By: Pavan Kumar Vijay
The wait is finally over. On June 1, 2016, the ministry of corporate affairs notified the constitution of the National Company Law Tribunal (NCLT) and National Company Law Appellate Tribunal (NCLAT).
The journey of the new corporate forum has been full of hustle and bustle. It was first introduced in the Companies (Amendment) Act, 2002, to adjudicate all matters culminating from the Companies Act, 1956, and vesting the powers exercised by the Company Law Board and High Courts to the NCLT and NCLAT.
The same was challenged, on the Constitutional validity, by the Madras Bar Association before the Madras High Court, and later before the Supreme Court in the Union of India versus R Gandhi, president, Madras Bar Association case (2010). The Constitution Bench in the Union of India supra gave its approval insofar as Constitutional validity of the NCLT and NCLAT was concerned with certain modifications or corrections. Although the verdict came in 2010—upholding the creation of the NCLT and NCLAT—these two bodies could not be constituted and made functional immediately thereafter, and the matter got stuck in imbroglio of one kind or the other.
Then, in 2013, Parliament passed a new company law in the form of Indian Companies Act, 2013, which replaced the earlier Act of 1956. In this Act, substantive provisions have been made again with regard to the establishment of the NCLT and NCLAT. Moreover, the power and jurisdiction of the Board of Industrial and Financial Reconstruction (BIFR) and the Appellate Authority for Industrial and Financial Reconstruction (AIFR) are to be merged into the NCLT and NCLAT.
However, another twist in the tale occurred when a new writ petition, Madras Bar Association versus Union of India, and another Writ Petition (C) No 1072 of 2013, on the same lines, was filed by the same party, assailing the Act, stating that findings and direction issued in the 2010 judgment were not followed in the new Act. The verdict came in May 2015, wherein the Constitution Bench upheld the validity of the NCLT and NCLAT, with some modifications in the qualifications of the technical member, and paved the way for the establishment of the NCLT and NCLAT under the provisions of the Companies Act, 2013.
Now, the ministry of corporate affairs has issued notifications, giving effect to the constitution of both the NCLT and NCLAT and 44 provisions wherein the NCLT has been vested with substantial powers, including power to adjudicate matters pertaining to mismanagement and oppression, class action suit, inspection, inquiry and investigation, and compounding of offences, etc. A class action suit—in which a large group of people collectively bringing a claim to court—is new for the Indian ecosystem, even though it is very popular in the US, the UK, Singapore and some European countries.

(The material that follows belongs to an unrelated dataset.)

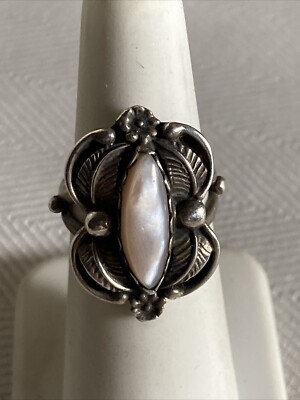 Navajo Chris Charley Sterling Pink Mother Of Pearl Squash Blossom Ring Size 5.5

Further, all the pending cases with the Company Law Board stand transferred, from the date of notification, to the NCLT. In addition to that, provisions relating to appeal from the order of the NCLT to the NCLAT have been issued. In simple words, provisions relating to merger and amalgamation, reduction of share capital and sick companies would be gradually transferred to the NCLT after consultation with the chairperson.
Before the aforesaid notifications, there were only four benches of the Company Law Board, with three members—one technical and two judicial—and a chairperson.
According to the new constitution, initially there will be 11 benches of the NCLT—two at New Delhi and one each at Ahmedabad, Allahabad, Bangalore, Chandigarh, Chennai, Guwahati, Hyderabad, Kolkata and Mumbai—while the location for the NCLAT is yet to be notified. According to media reports, it may be at New Delhi, headed by SJ Mukhopadhaya, the retired judge of the Supreme Court of India. The NCLT could be headed by MM Kumar, the retired Chief Justice of the High Court of Jammu and Kashmir, who is currently the chairman of the Company Law Board.
The NCLT and NCLAT will be consolidated bodies which would adjudicate and decide all issues relating to companies in India, including, but not limited to, insolvency and bankruptcy, and cases pending before the various benches of the Company Law Board, BIFR, Debt Recovery Tribunal, all the company courts, AIFR and Debt Recovery Appellate Tribunal. The NCLT will also help in faster implementation of the bankruptcy code passed by Parliament last month; the NCLT is the adjudicating authority while the NCLAT is the appellate authority. Although the move to consolidate all proceedings relating to companies in India under the NCLT and NCLAT is an ambitious one, it is also much welcome by the industries.